Die Operation ist beim Leistenbruch die beste Therapie

Kapitel
  1. 1. Übersicht
  2. 2. Ursachen
  3. 3. Symptome
  4. 4. Diagnose
  5. 5. Behandlung
  6. 6. Vorbeugung

Bei allen Arten von Leistenbruch gilt: Eine Operation (OP) ist die einzige sichere Therapie.

Suchen Sie daher immer einen Arzt auf, wenn Sie einen Leistenbruch bemerken. Dabei richtet sich der OP-Termin nach der Dringlichkeit: Bei wenig Beschwerden und einer beweglichen (reponierbaren) Hernie kann eine Leistenbruch-Operation noch einige Tage bis Wochen warten. Sobald sich Darm im Leistenkanal so eingeklemmt hat (Inkarzeration), dass der Darm entweder verschlossen ist (Ileus), abzusterben droht oder sich entzündet hat, ist eine sofortige Operation notwendig.

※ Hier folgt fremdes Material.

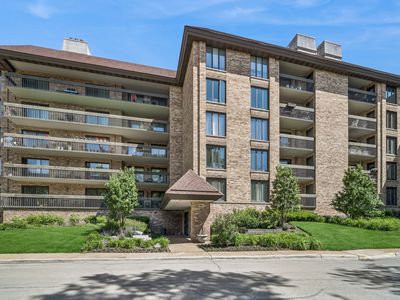 Property at 1621 Mission Hills Rd APT 404, Northbrook, IL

Abgesehen vom Notfall wird der Arzt Ihnen bei einem Leistenbruch in Ruhe die verschiedenen OP-Techniken erläutern und erklären, welche Art von Operation für Ihren Fall am geeignetsten ist. Die klassischen Naht-Verfahren bedeuten, dass der Chirurg einen Schnitt an der Leiste setzt („offene Operation“) und hierüber den Bruchinhalt in den Bauchraum zurückschiebt. Dabei entfernt er das überschüssige Gewebe des Bruchsacks. Er verstärkt und vernäht den Leistenkanal. Auch verkleinert er den Leistenring – welcher ja die Öffnung zum Bauchraum darstellt.

Bei einer Leistenbruch-Operation kann sich der Arzt auch für ein sogenanntes Netz-Verfahren entscheiden. Dabei setzt er ein künstliches Netz ein, das den Leistenkanal verstärken soll. Der Vorteil ist, dass keine Nähte und damit keine Spannungen entstehen. Ein solches Netz ist derart beschaffen, dass es vom Körper nicht als fremd erkannt und abgestoßen wird. Bei einer Leistenbruch-Operation kann es über ein offenes Naht-Verfahren (nach Lichtenstein) eingebracht werden. Möglich sind hier auch endoskopische OP-Techniken, die als TAPP (transabdominelle präperitoneale Hernioplastik) und TEP (total extraperitoneale Hernioplastik) bezeichnet werden. Hierfür ist nur ein sehr kleiner Schnitt erforderlich.

Sollten Sie sich über ein OP-Verfahren informieren und unsicher sein, empfehlen sich folgende Fragen an den Arzt:

  • Welche Art von Leistenbruch habe ich? Können Sie das beschreiben?
  • Gibt es ein Verfahren, das sich bei meinem Leistenbruch ganz besonders empfiehlt? Warum?
  • Was sind die Vorteile der jeweiligen Methode?
  • Welche Komplikationen sind möglich und mit welcher Wahrscheinlichkeit?
  • Wie lange dauert die Heilung nach der Operation?
  • Besteht das Risiko, dass der Leistenbruch nach der Operation erneut auftritt? Wie wahrscheinlich ist dies?
  • Ab wann darf ich mich wieder belasten und z. B. Sport treiben?